Dataset content —
___
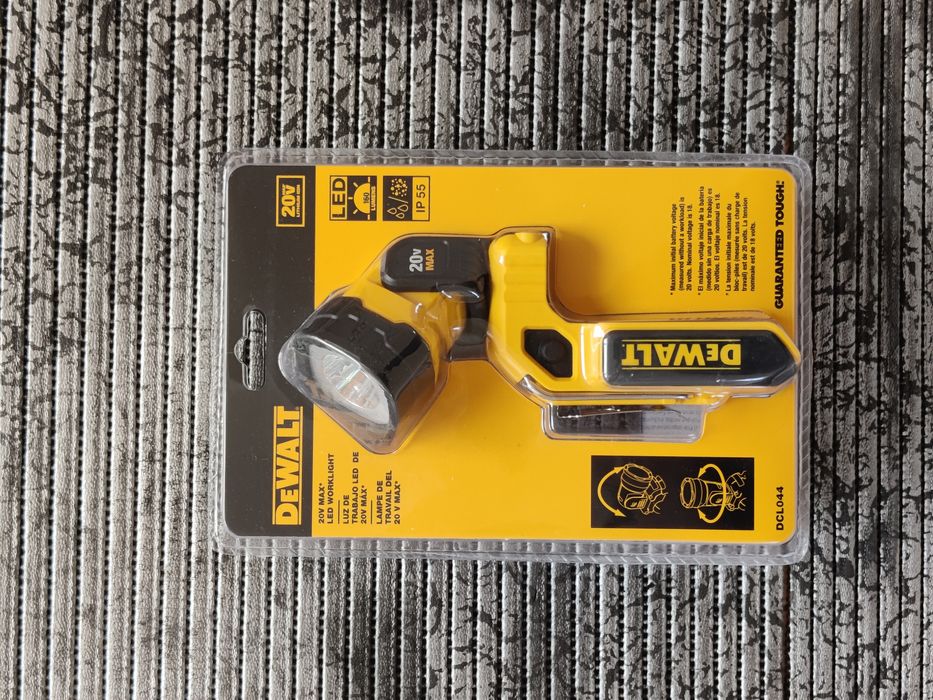 Ліхтар акумуляторний світлодіодний DeWALT DCL044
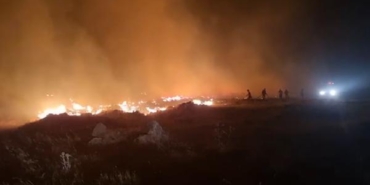 Niğdede mera yangını çıktı alevlere müdahale için yola çıkan itfaiyecilerden 3ü kazada yaralandı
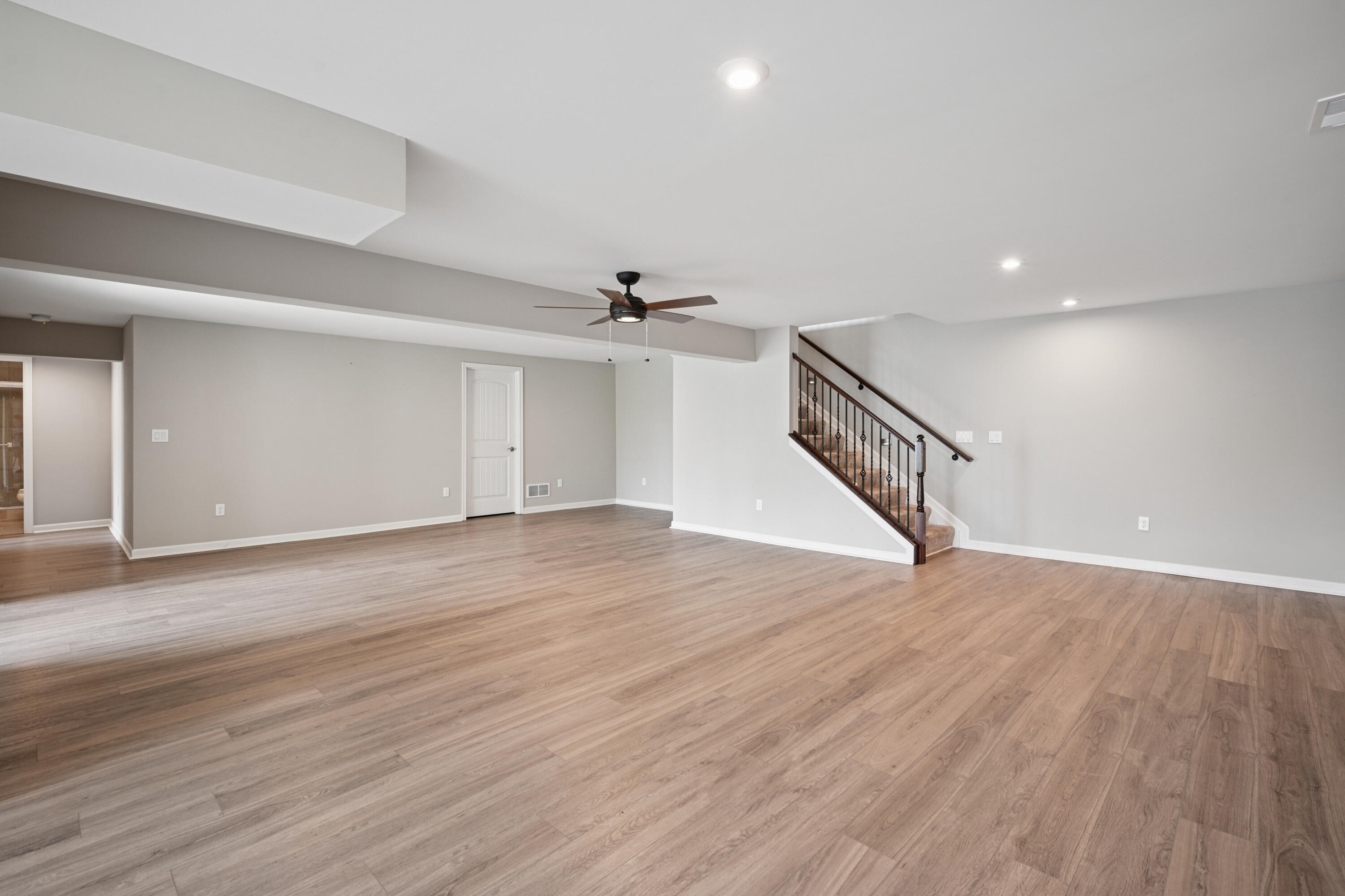 3852 Sherbourne Drive Property Photo 36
___
Exercise —
The reply must hold every line above exactly as written and none of the pictures.

Solution to this problem —
 Ліхтар акумуляторний світлодіодний DeWALT DCL044
 Niğdede mera yangını çıktı alevlere müdahale için yola çıkan itfaiyecilerden 3ü kazada yaralandı
 3852 Sherbourne Drive Property Photo 36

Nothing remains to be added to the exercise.